» **TASK DESCRIPTION**:
All of the data below should be printed again word for word, pictures excluded.

» **COLLECTED DATA**:
● ● ● ● ● ● ●

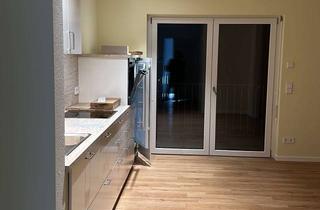 Wohnung mieten in Künzelsauer Straße, 74677 Dörzbach, Moderne 3-Zimmer-Wohnung in Dörzbach mit Balkon und Einbauküche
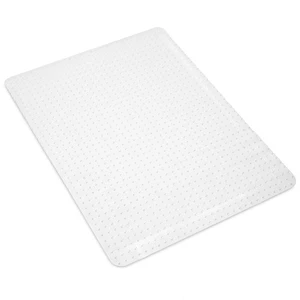 46" x 60" Office Chair Desk Floor Mat for Low Pile Carpet - Picture 1 of 1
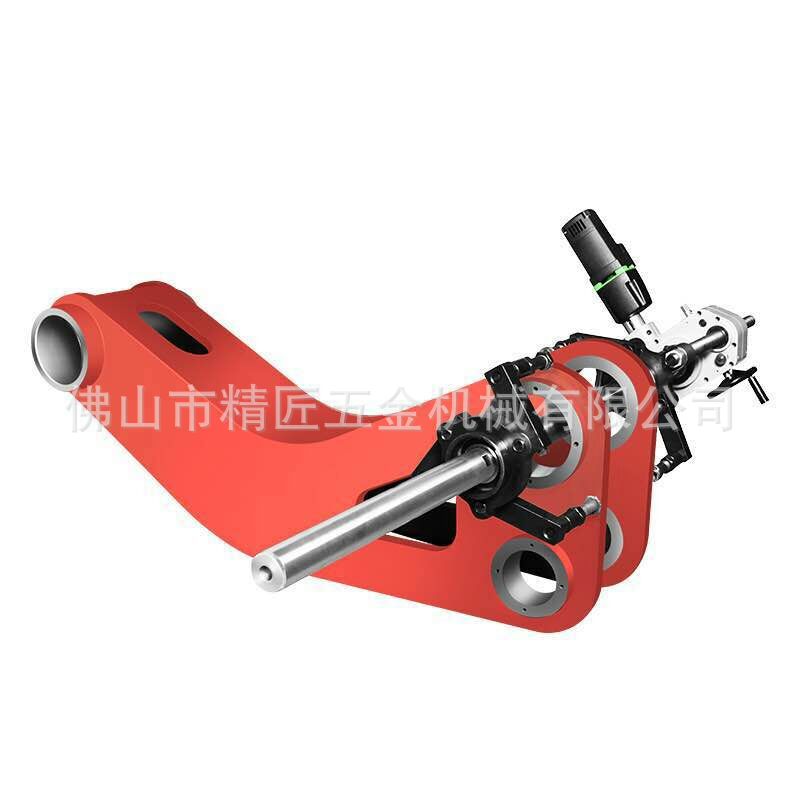 TDG50工程机械镗孔焊接机现场加工设备便携式镗孔焊接机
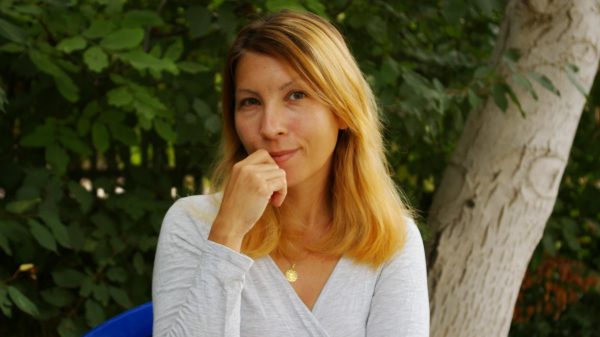 Юлия Змеева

● ● ● ● ● ● ●

» **YOUR SOLUTION**:
 Wohnung mieten in Künzelsauer Straße, 74677 Dörzbach, Moderne 3-Zimmer-Wohnung in Dörzbach mit Balkon und Einbauküche
 46" x 60" Office Chair Desk Floor Mat for Low Pile Carpet - Picture 1 of 1
 TDG50工程机械镗孔焊接机现场加工设备便携式镗孔焊接机
 Юлия Змеева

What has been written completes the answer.